Working with the Mouse (and Joystick)


I'm not going to talk about basic topics like grabbing WM_MOUSEMOVE and pulling screen coordinates out of the LPARAM. Many books have been written to cover these programming techniques. If you need a primer on Win32 and GDI, I suggest you read Charles Petzold's book: Programming Windows: The Definitive Guide to the Win32 API. Besides, if you don't know how to read mouse input you're probably in the wrong class. The prerequisite for this class is "Beginning Windows Programming" down the hall. But don't forget to come back when you're done.

Instead, I'll focus on giving you some good advice about using mouse input in games, and show you a few of my special tricks. First, here is the advice you should follow when using the mouse.

  1. Stay with well known conventions.
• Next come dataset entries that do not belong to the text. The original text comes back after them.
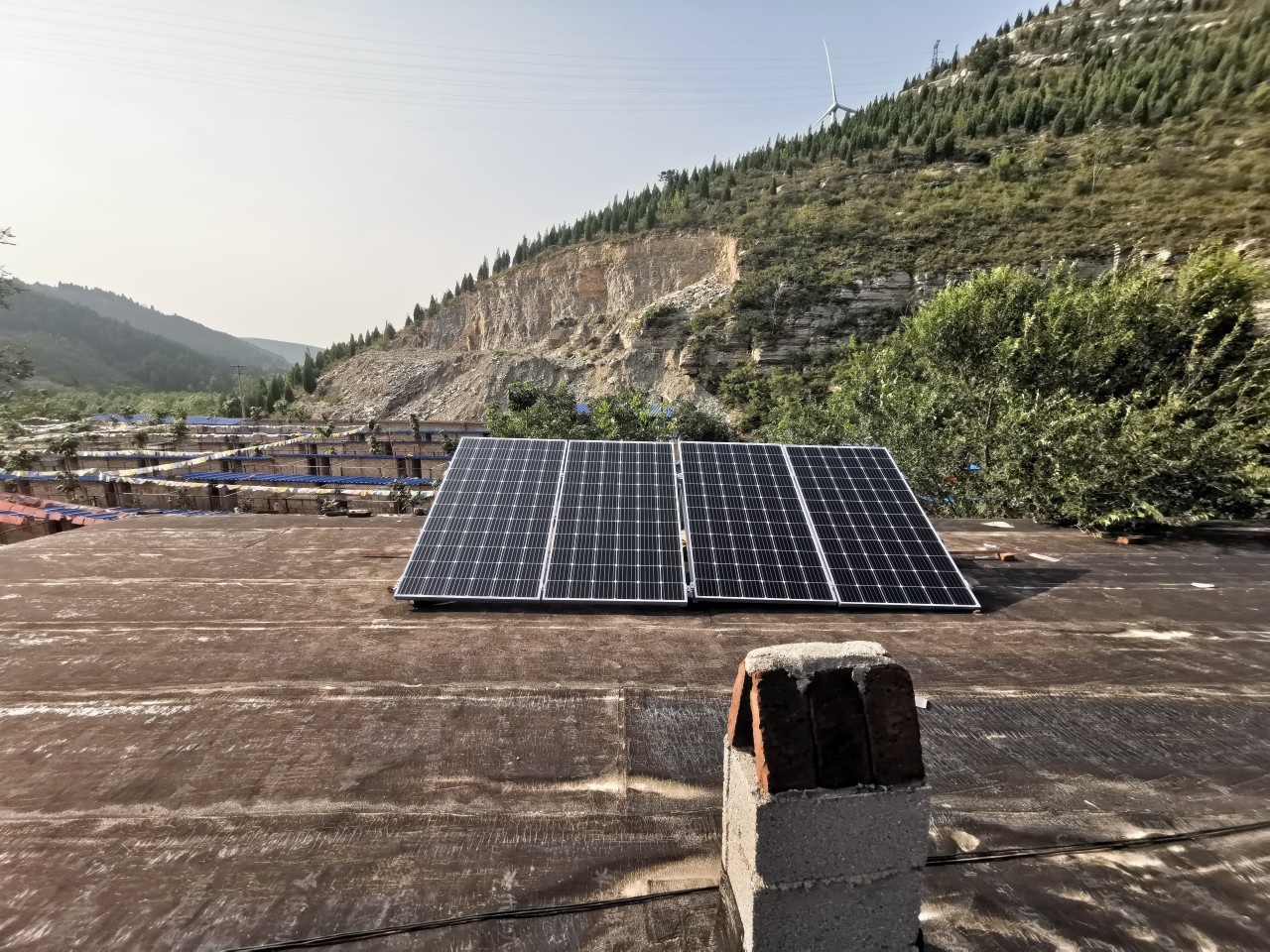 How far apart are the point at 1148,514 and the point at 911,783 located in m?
12.4

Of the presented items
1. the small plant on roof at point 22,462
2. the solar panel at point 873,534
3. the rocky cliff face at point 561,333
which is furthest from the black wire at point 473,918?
the rocky cliff face at point 561,333

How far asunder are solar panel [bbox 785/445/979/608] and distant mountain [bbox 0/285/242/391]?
595ft

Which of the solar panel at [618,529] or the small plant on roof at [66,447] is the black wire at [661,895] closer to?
the solar panel at [618,529]

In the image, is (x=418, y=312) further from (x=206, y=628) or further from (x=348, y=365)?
(x=206, y=628)

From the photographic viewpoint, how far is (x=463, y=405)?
8069 cm

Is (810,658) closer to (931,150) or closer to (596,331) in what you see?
(596,331)

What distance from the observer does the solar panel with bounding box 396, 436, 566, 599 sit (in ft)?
24.7

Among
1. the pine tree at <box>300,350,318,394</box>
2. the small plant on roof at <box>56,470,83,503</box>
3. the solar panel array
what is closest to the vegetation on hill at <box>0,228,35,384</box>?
the small plant on roof at <box>56,470,83,503</box>

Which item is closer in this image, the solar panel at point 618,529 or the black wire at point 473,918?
the black wire at point 473,918

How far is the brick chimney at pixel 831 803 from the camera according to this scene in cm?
253

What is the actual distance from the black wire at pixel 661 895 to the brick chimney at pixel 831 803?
0.81 metres

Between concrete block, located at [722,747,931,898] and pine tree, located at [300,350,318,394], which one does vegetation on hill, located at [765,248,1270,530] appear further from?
pine tree, located at [300,350,318,394]

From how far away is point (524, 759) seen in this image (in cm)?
451

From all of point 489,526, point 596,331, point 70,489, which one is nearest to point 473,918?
point 489,526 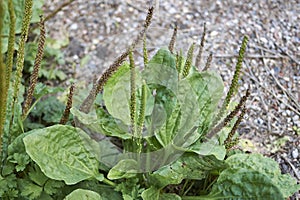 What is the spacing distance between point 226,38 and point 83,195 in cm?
141

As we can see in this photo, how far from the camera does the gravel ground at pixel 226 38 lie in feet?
8.29

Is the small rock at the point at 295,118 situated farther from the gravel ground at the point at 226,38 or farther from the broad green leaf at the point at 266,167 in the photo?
the broad green leaf at the point at 266,167

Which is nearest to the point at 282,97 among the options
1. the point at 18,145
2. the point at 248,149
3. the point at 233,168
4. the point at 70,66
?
the point at 248,149

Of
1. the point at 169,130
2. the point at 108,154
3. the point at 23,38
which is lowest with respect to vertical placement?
the point at 108,154

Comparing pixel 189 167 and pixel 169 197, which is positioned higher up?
pixel 189 167

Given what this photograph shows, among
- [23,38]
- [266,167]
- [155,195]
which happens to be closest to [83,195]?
[155,195]

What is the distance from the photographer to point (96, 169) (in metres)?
1.98

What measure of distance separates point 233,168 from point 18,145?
0.83 meters

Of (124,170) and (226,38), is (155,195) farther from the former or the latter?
(226,38)

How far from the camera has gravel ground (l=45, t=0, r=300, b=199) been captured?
2527 mm

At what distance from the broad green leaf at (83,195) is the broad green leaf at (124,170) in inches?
3.5

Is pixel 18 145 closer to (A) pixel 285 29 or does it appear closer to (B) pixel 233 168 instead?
(B) pixel 233 168

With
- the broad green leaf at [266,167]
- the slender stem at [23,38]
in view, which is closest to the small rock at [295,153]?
the broad green leaf at [266,167]

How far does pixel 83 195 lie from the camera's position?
1.80 meters
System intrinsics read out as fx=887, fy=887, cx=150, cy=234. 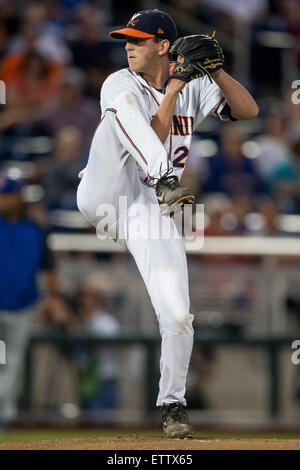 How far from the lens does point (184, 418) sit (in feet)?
13.4

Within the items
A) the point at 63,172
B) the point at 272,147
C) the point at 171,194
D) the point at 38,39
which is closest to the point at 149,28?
the point at 171,194

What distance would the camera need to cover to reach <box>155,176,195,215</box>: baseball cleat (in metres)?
3.62

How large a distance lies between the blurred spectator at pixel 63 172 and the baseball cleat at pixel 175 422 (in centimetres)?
429

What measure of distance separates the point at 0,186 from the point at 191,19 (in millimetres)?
4477

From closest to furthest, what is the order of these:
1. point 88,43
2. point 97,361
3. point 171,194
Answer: point 171,194 → point 97,361 → point 88,43

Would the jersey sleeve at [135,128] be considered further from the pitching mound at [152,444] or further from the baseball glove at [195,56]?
the pitching mound at [152,444]

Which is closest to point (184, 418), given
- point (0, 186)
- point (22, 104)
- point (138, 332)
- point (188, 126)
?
point (188, 126)

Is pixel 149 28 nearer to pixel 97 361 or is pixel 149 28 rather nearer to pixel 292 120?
pixel 97 361

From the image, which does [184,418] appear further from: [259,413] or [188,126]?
[259,413]

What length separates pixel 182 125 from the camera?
431 centimetres

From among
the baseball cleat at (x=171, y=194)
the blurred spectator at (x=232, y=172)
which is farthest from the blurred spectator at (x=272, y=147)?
the baseball cleat at (x=171, y=194)

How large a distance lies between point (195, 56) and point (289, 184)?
15.7 ft

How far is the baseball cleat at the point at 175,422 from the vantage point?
13.3 feet

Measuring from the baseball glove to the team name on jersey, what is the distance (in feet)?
1.03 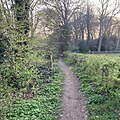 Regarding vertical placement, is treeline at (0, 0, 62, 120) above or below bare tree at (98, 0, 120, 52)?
below

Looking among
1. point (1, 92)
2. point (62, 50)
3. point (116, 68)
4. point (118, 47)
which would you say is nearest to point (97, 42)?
point (118, 47)

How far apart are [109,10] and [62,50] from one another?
12876mm

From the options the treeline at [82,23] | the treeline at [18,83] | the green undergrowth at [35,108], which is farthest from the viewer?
the treeline at [82,23]

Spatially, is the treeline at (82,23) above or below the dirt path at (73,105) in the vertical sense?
above

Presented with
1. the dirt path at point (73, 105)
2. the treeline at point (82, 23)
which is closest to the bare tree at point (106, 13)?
the treeline at point (82, 23)

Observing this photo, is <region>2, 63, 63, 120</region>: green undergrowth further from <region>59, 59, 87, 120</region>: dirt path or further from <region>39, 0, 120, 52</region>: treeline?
<region>39, 0, 120, 52</region>: treeline

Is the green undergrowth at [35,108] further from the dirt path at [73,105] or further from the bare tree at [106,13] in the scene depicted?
the bare tree at [106,13]

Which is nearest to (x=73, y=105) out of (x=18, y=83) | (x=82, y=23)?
(x=18, y=83)

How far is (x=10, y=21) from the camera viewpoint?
7559 mm

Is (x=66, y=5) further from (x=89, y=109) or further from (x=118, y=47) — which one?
(x=89, y=109)

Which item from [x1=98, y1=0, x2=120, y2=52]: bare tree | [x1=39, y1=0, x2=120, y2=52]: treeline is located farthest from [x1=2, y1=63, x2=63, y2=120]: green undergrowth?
[x1=98, y1=0, x2=120, y2=52]: bare tree

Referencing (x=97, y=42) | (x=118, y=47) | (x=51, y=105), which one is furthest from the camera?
(x=118, y=47)

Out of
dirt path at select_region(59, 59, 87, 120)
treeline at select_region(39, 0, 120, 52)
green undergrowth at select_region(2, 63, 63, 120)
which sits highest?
treeline at select_region(39, 0, 120, 52)

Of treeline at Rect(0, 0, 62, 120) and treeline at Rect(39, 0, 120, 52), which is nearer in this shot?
treeline at Rect(0, 0, 62, 120) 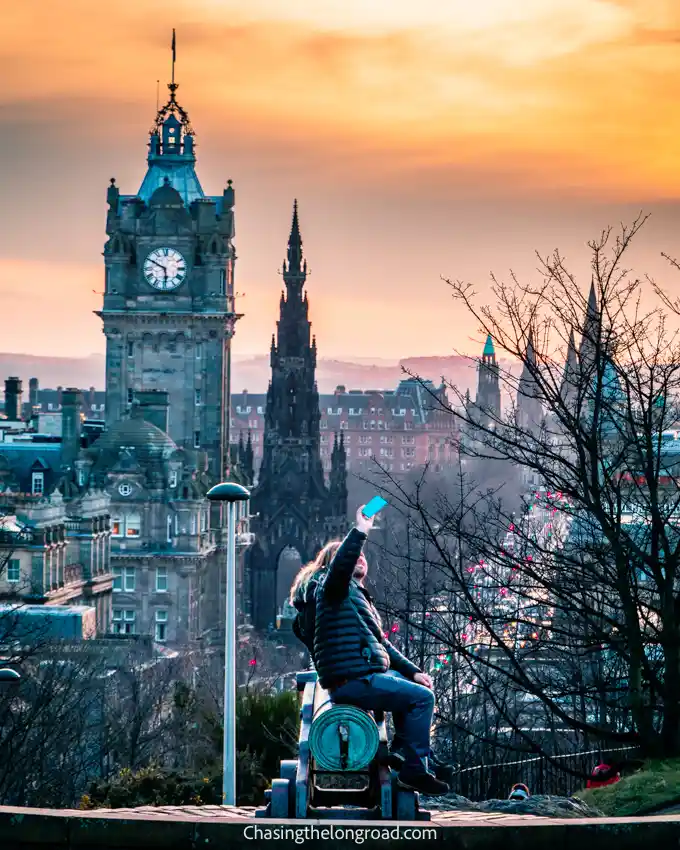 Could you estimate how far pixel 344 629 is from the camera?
14648 millimetres

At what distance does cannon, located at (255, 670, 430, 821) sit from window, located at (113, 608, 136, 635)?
89900 millimetres

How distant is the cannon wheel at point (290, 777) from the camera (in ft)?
45.9

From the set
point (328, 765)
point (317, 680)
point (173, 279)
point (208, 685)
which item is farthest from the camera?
point (173, 279)

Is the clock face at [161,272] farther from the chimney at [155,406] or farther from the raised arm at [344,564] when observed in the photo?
the raised arm at [344,564]

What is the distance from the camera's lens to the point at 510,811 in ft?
56.0

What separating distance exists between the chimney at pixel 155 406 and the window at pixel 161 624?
48.1ft

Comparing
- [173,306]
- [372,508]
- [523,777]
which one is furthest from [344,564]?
[173,306]

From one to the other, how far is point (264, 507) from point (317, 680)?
11782cm

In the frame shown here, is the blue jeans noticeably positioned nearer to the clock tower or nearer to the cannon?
the cannon

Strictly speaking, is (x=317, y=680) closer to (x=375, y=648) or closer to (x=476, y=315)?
(x=375, y=648)

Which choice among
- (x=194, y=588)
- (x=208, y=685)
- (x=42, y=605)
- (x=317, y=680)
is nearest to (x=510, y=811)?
(x=317, y=680)

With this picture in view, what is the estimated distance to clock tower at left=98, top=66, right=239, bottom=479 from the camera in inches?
4749

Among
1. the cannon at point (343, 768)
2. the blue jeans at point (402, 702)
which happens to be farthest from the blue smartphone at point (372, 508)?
the cannon at point (343, 768)

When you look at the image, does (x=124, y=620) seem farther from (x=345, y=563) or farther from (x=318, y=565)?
(x=345, y=563) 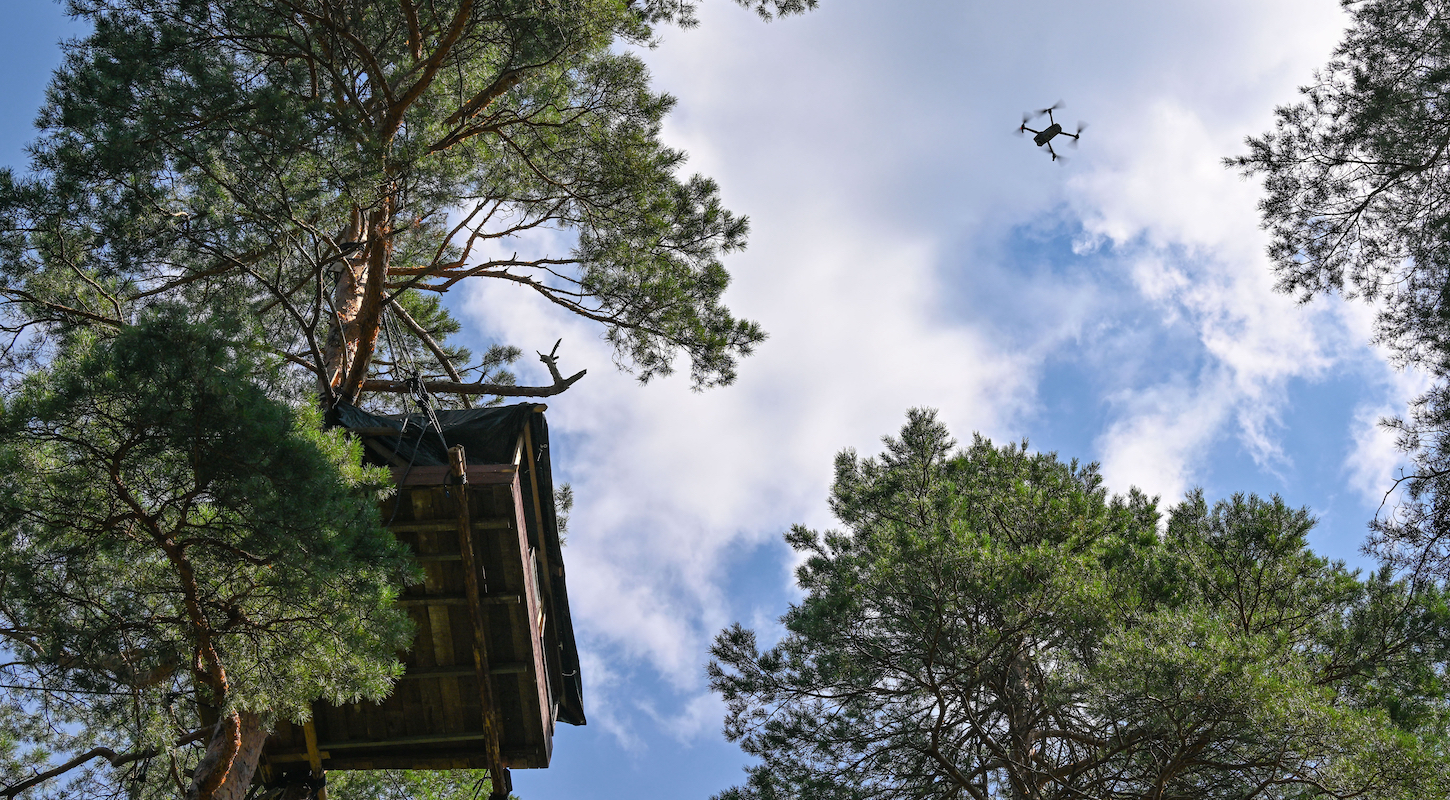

There are plenty of standard conventions for using the mouse control, from Microsoft Windows to Quake. When you sit down to write your interface code, don't be tempted to be a cowboy programmer and break out into new directions with the interface. You'll likely end up with a lot of arrows in your back—ouch! After all, before the shooter-style game was popular, how many games used the mouse as a model for a human neck? This idea worked well in a case like this for two reasons: It solved a new problem and the solution was intuitive.

    Best Practice

    If you're solving an interface problem that has a standard solution and you choose a radically different approach, you take a risk of annoying players. If you think their annoyance will transition into wonder and words of praise as they discover (and figure out) your novel solution, then by all means give it a try. Make sure you test your idea first with some colleagues you can trust. They'll tell you if your idea belongs on the garbage heap. Be careful with interfaces, however. A friend of mine once judged the many entrants into the Indie Games Festival (www.indiegames.com) and he said the biggest mistake he saw that killed promising entrants was poor interface controls. He was amazed to see entries with incredible 3D graphics not make the cut because they were simply too hard to control. In short, don't be afraid to use a good idea just because it's already been done.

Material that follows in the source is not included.